__Directions__. Leave out any picture and return the remaining listing below exactly as given.

__Supplied material__.
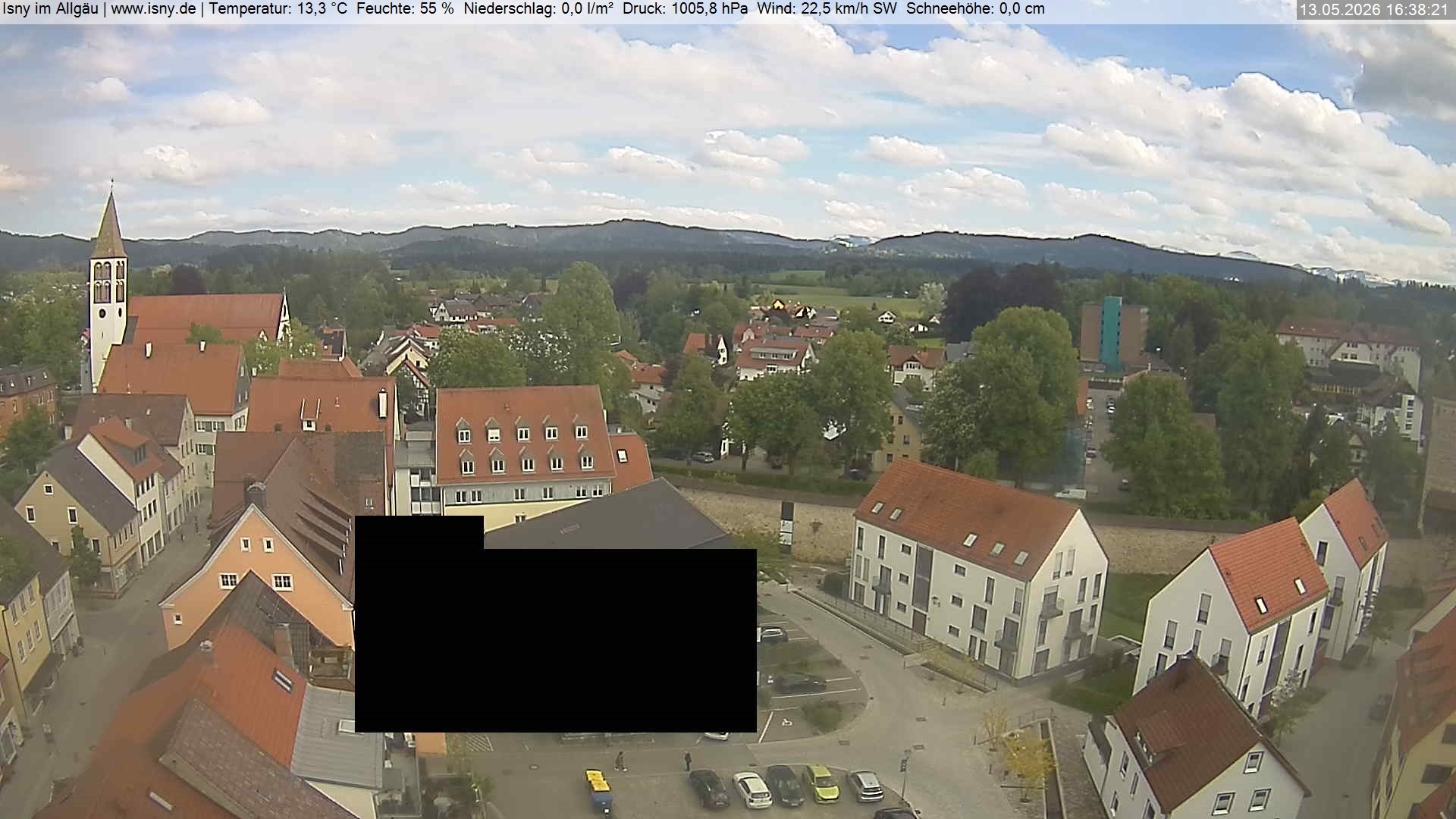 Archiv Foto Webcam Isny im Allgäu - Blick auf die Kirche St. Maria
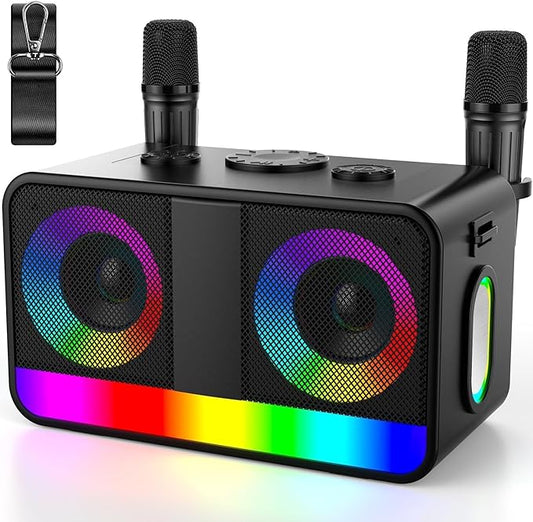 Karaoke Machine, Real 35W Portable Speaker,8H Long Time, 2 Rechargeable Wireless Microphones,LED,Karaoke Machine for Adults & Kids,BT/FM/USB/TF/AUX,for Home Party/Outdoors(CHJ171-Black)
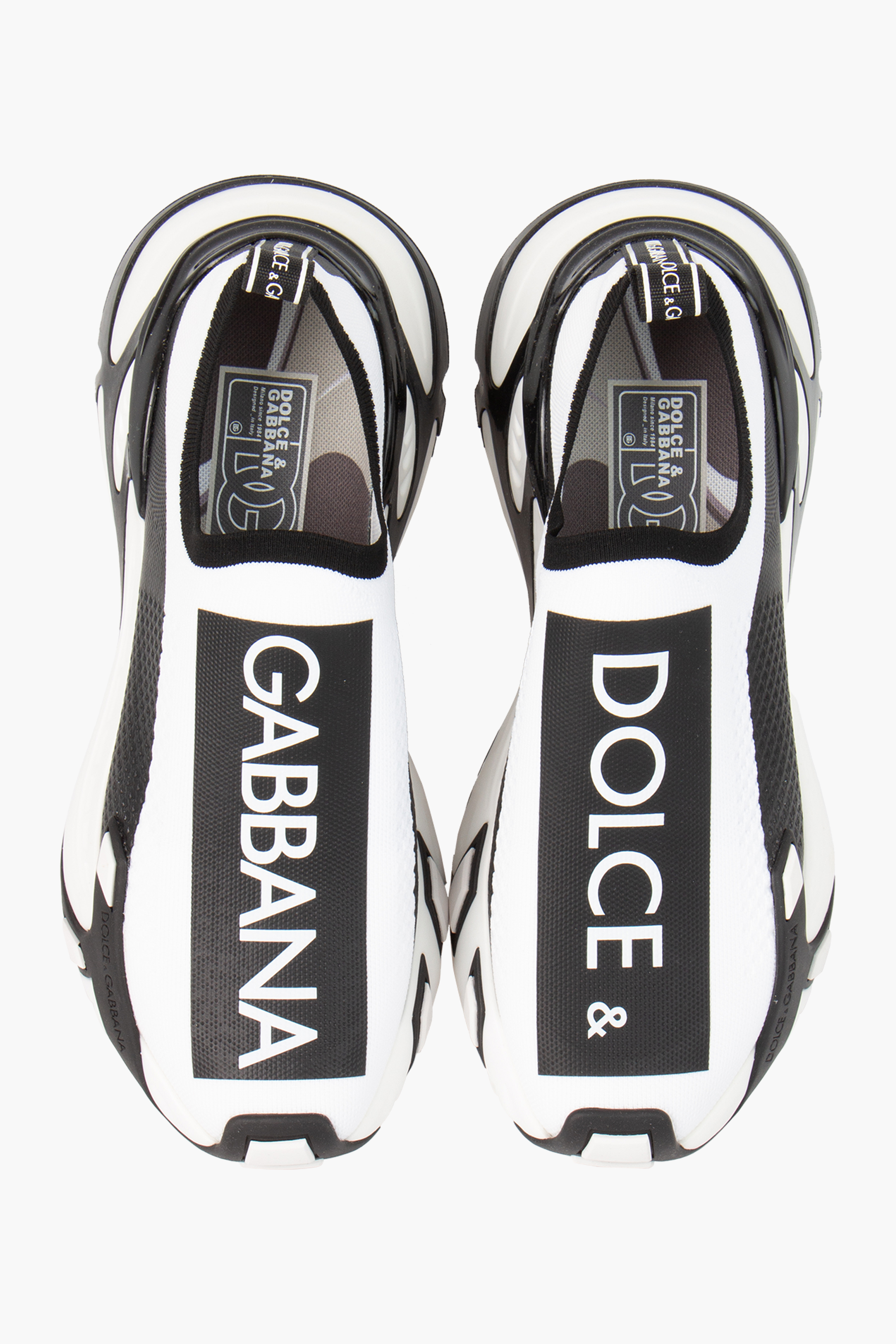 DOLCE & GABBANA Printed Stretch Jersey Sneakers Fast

__Task output__.
 Archiv Foto Webcam Isny im Allgäu - Blick auf die Kirche St. Maria
 Karaoke Machine, Real 35W Portable Speaker,8H Long Time, 2 Rechargeable Wireless Microphones,LED,Karaoke Machine for Adults & Kids,BT/FM/USB/TF/AUX,for Home Party/Outdoors(CHJ171-Black)
 DOLCE & GABBANA Printed Stretch Jersey Sneakers Fast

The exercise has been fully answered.